WORK ITEM:
Please write back every entry exactly, character for character.

##### GIVEN DATA #####

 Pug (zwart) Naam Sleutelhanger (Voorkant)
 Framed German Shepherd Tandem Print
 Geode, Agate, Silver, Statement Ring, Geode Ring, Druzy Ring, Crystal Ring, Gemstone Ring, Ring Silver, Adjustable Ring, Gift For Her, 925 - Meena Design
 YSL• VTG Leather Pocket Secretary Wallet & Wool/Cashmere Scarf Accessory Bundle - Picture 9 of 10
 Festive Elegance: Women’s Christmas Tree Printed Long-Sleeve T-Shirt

#####

SOLUTION FOR THIS TASK:
 Pug (zwart) Naam Sleutelhanger (Voorkant)
 Framed German Shepherd Tandem Print
 Geode, Agate, Silver, Statement Ring, Geode Ring, Druzy Ring, Crystal Ring, Gemstone Ring, Ring Silver, Adjustable Ring, Gift For Her, 925 - Meena Design
 YSL• VTG Leather Pocket Secretary Wallet & Wool/Cashmere Scarf Accessory Bundle - Picture 9 of 10
 Festive Elegance: Women’s Christmas Tree Printed Long-Sleeve T-Shirt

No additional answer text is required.